For those readers unfamiliar with the R statistical software and the additional Tidyverse software I use to manipulate and plot data, I’ve included some additional explanation of various steps. For more information check out the the tutorial “Getting started with the Tidyverse”.

Setup and data preparation

Libraries

I use the following packages for the following purposes:

  • tidyverse: do general data manipulation.
  • readxl: read Excel spreadsheets (part of the Tidyverse, but not loaded by default).
  • tidycensus: retrieve U.S. census data.
  • tigris: retrieve U.S. census geospatial data.
  • sf: manipulate geospatial data.
  • viridis: obtain special color palettes for graphs.
  • knitr: display tabular data.
  • tools: compute MD5 checksums.
library(tidyverse)
library(readxl)
library(tidycensus)
library(tigris)
library(sf)
library(viridis)
library(knitr)
library(tools)

The tidycensus and tigris packages require a Census API key. I previously obtained such a key and stored it for use by the functions included in the tidycensus and tigris packages.

Data sources

I use data from the following sources; see the References section below for more information:

  • Median home value estimates are from the American Community Survey table B25077, and are accessed via the tidycensus get_acs() function.
  • Census tract boundaries are from the U.S. Census Bureau cartographic boundaries data, and are accessed via the tigris tracts() function.
  • Road geometry is also from the U.S. Census bureau, and is accessed via the tigris roads() function.
  • allitems.xlsx.

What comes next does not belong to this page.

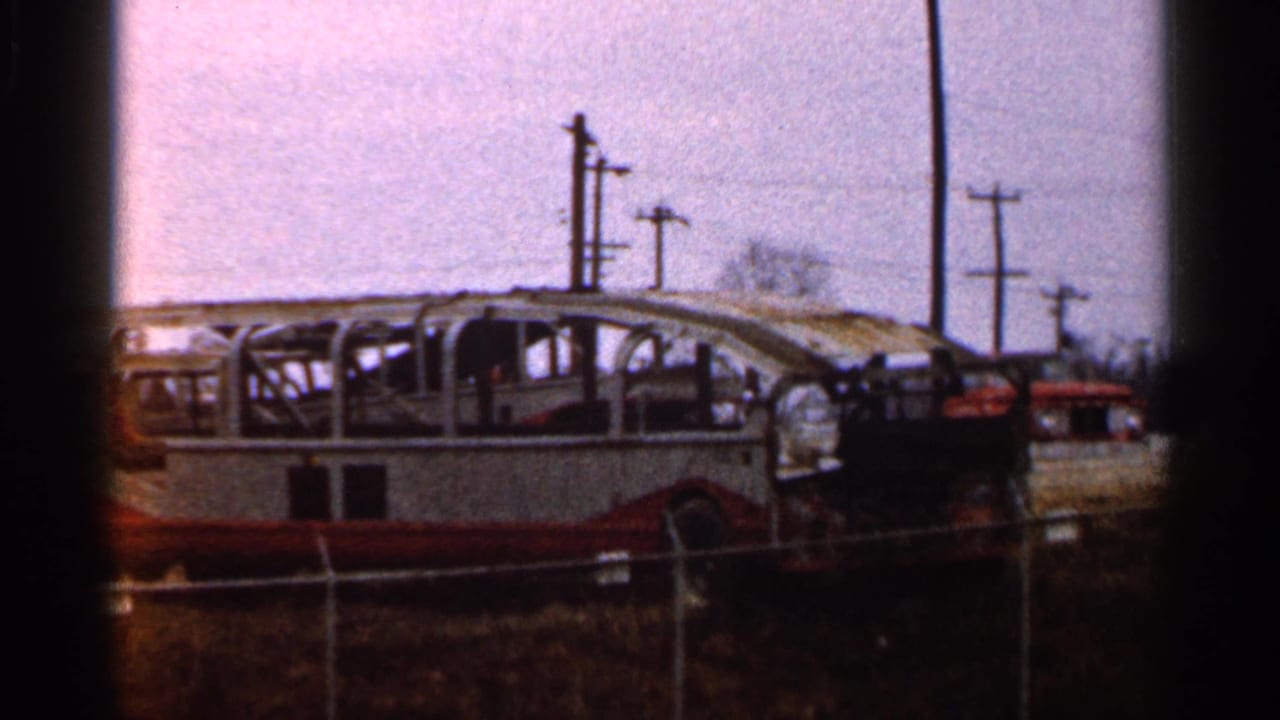 Burned bus skeleton behind a chain-link fence with utility poles in the background.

Consumer Price Index data used to adjust for inflation.

I check to make sure that the versions of the files being used in this analysis are identical to the versions of the files I originally downloaded. I do this by comparing the MD5 checksums of the files against MD5 values I previously computed, and stopping execution if they do not match.

stopifnot(md5sum("allitems.xlsx") == "f890a4aff139ca003246d17491d51272")

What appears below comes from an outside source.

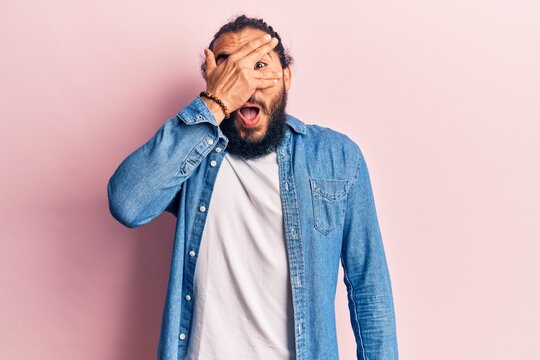 Young arab man wearing casual clothes peeking in shock covering face and eyes with hand, looking through fingers afraid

Reading in and preparing the data

I first use the tidycensus get_acs() function to retrieve median home value estimates from the 2010 and 2017 ACS 5-year estimates for all census tracts in Howard County. This function returns data in tidy format, with the following columns:

  • GEOID. An 11-character geographic ID combining the 2-digit FIPS code for Maryland (“24”), the 3-digit FIPS Code for Howard County (“027”), and the 6-digit FIPS code for the individual census tract within Howard County.
  • NAME. The name of the census tract.
  • variable. References the ACS variable being retrieved (which we here name mhv).
  • estimate. The ACS 5-year estimate for the variable’s value.
  • moe. The margin of error for the estimate.

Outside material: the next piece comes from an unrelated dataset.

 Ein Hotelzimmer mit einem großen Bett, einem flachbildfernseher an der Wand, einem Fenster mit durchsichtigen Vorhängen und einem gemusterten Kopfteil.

I take the tables returned by get_acs() and add a new variable year containing the year of the estimate. To reduce the amount of code I create a function get_mhv() to retrieve the ACS estimates for a given year y, and then use the map() function to execute the function for both 2010 and 2017. I then use the bind_rows() function to consolidate the results together into a single table mhv.

get_mhv <- function(y) {
  get_acs(
    year = y, geography = "tract",
    state = "MD", county = "Howard County",
    survey = "acs5", variables = c(mhv = "B25077_001")
  ) %>%
    mutate(year = y)
}

mhv <- map(c(2010, 2017), get_mhv) %>%
  bind_rows()

I also get median home value estimates for Howard County as a whole, for both 2010 and 2017, using the same general procedure as used above. I then add that data to the existing mhv table.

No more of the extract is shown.